• Activity
The expected output is the line with "A condo front" plus all lines after it to the end of the material below, reproduced exactly, with pictures omitted and nothing else included.

-- Opening Marker --

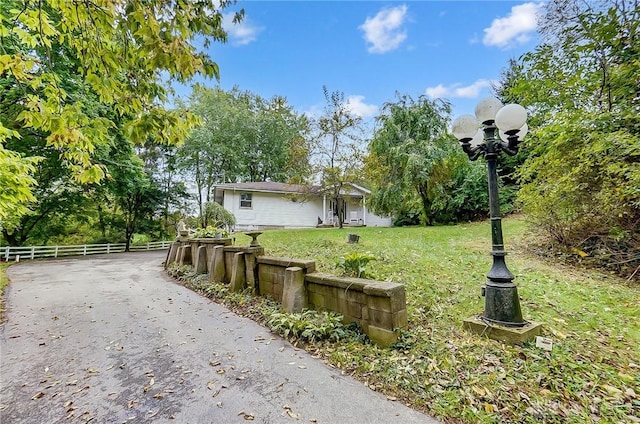 view of yard featuring fence and aphalt driveway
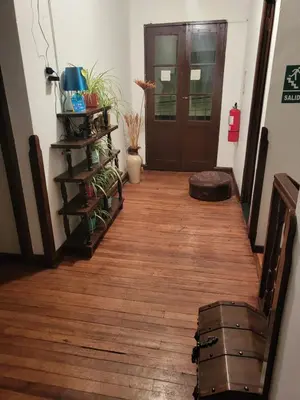 a hallway with a wooden floor and a door at Natural B&B Guest House in Cusco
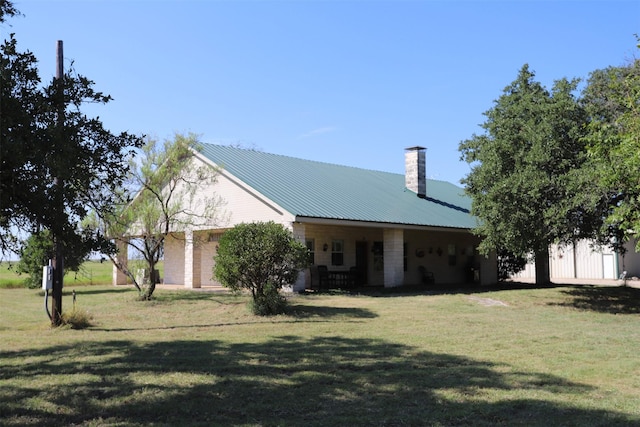 rear view of house with a chimney, a yard, and metal roof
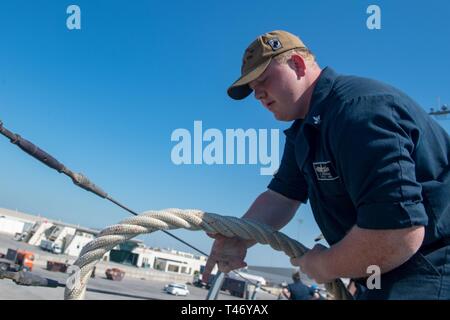 La Marine américaine Technicien Cryptologic (technique) 2e classe Tristin Anderson, du Liban, de l'Ohio, gère une ligne sur le fo'c'sle de missiles de l'USS Stockdale (DDG 106) alors qu'au départ de Manama, Bahreïn, le 12 mars 2019. L'Stockdale est déployé sur le 5e flotte américaine zone d'opérations à l'appui des opérations navales pour assurer la stabilité et la sécurité maritime dans la région Centrale, reliant la Méditerranée et le Pacifique à travers l'ouest de l'Océan indien et trois points d'étranglement stratégiques. Banque D'Images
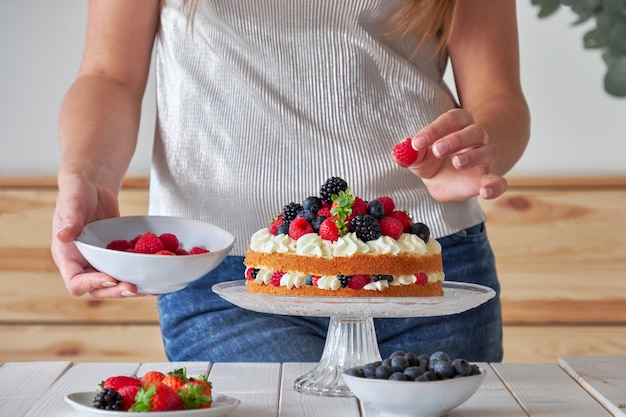 Il pasticcere decora la torta di frutti di bosco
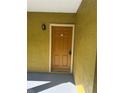 A condo front door with unit number 303 and a secure digital lock at 5271 Images Cir # 303, Kissimmee, FL 34746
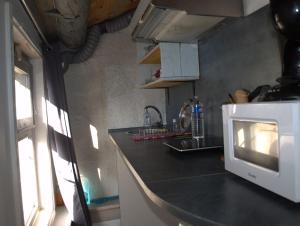 Appartements INSOLITE STUDIO -La Tour des Templiers- : photos des chambres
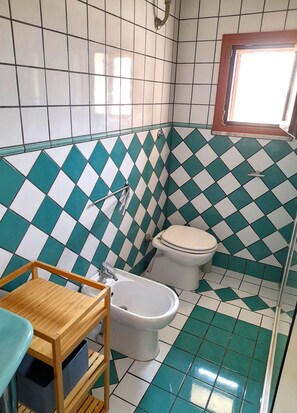 Un baño con suelo de baldosas a cuadros, un inodoro, un lavamanos y un armario de madera.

-- Closing Marker --

• Result for this task
 A condo front door with unit number 303 and a secure digital lock at 5271 Images Cir # 303, Kissimmee, FL 34746
 Appartements INSOLITE STUDIO -La Tour des Templiers- : photos des chambres
 Un baño con suelo de baldosas a cuadros, un inodoro, un lavamanos y un armario de madera.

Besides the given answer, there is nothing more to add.